Assuming that font hinting is on its way out, there are two things we can do to improve the quality of text. The first is to improve the accuracy of our curve drawing algorithms. Fonts are defined as beautiful curved shapes, but our rendering algorithms cannot directly draw curves, so the curves are broken into polygonal pieces before we draw them on the screen. Somewhere in the software, there is a tunable parameter that determines how many lines are used to approximate curves. The software can either use a small number of line segments to represent curves so that text is drawn fast, or the software will use lots of segments to draw the curves accurately. Only Microsoft and Apple know the settings of their software, but it is possible to do better than any polygonal approximation by analytically rasterizing curves.

font_scaling_filter_types.png

However, the biggest improvement to the display of text on a computer will be from improving the quality of text filtering. The principle behind filtering an image is that if an image contains frequencies higher than half of the resolution in your display, then those higher frequencies are impossible to show and must be filtered out. In other words, we need a low-pass filter to blur away shapes that are too small to see. Some examples of these filters are shown in the figure above. At one end of the quality spectrum is the sinc filter shown in black, and at the other is the box filter shown in green. I also show some filters of intermediate quality with tent in blue, Gaussian in red, and Lanczos 2 in orange.

font_scaling_filter_types_fourier.png

We can analyze the effect of a filter by looking at its Fourier transform. Any frequencies higher than the displayable frequency that leak through the filter will foul the image as aliasing artifacts. This is why blurred edges and lines are said to be antialiased. On the other hand, if we remove frequencies that are lower than the highest displayable frequency of the display, our image will appear blurrier than necessary. With this knowledge, we can now interpret the Fourier transforms of the filters that are shown in the figure above. The sinc filter is perfect, zeroing out all frequencies greater than the display's threshold of $\pi$ and multiplying all of the displayable frequencies by 1 so that all displayable frequencies in the image are unmodified. This is in stark contrast to the box filter, which allows lots of high frequencies to pass, alternately suppressing the frequencies too little and suppressing them too strongly. One can also see that the box filter also suppresses displayable frequencies, which causes the image to look blurry.

When most people speak of antialiasing in graphics, they are referring to the box filter. This is because a box filter is easy to calculate and is easy to visualize as the fraction of a square pixel that is covered by a shape.
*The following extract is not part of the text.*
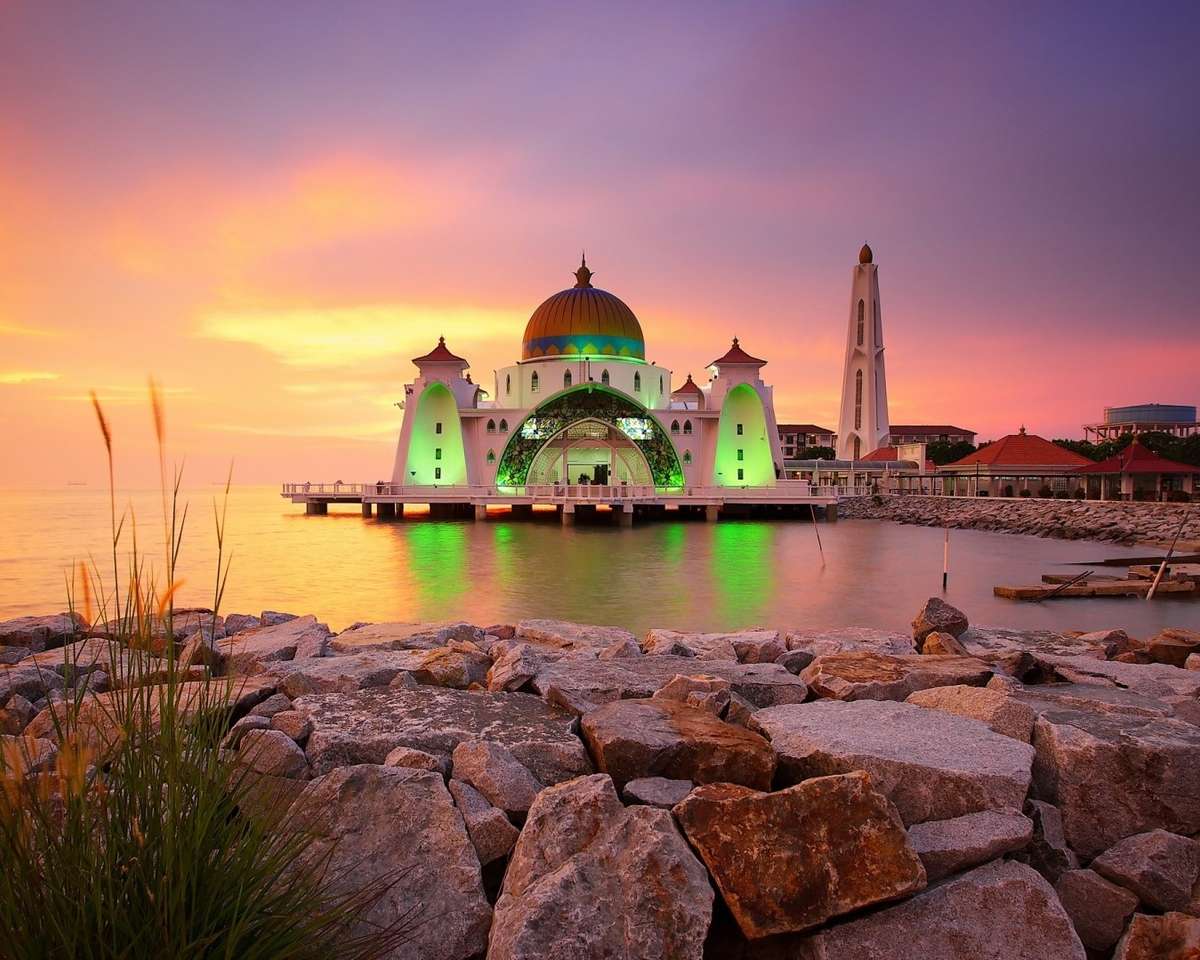 Sztuczna wyspa i meczet w Malezji puzzle online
For many applications, using the relatively crude box filter is okay. In computer games, it is fine to blur images a little too much because a player is not going to scrutinize every detail of the image in most cases, and one image is quickly replaced by another. However, text is static and composed of very fine shapes that are at the threshold of a monitor's ability to show, and readers will intently stare at those shapes for hours at a time.

It is my sincere belief that we need to improve the quality of filters that we use to render text so that we represent the shapes of letters as accurately as possible. Reading computer text is a central part of modern life, and people form an emotional connection to the way that text is drawn. It is a shame that we do not put more effort into drawing text in a way that is both pretty and easy to read. Computer screens are unable to draw fonts as crisply and clearly as we would like, but we can draw text that appears crisper and clearer than we currently do without changing any hardware by using better algorithms.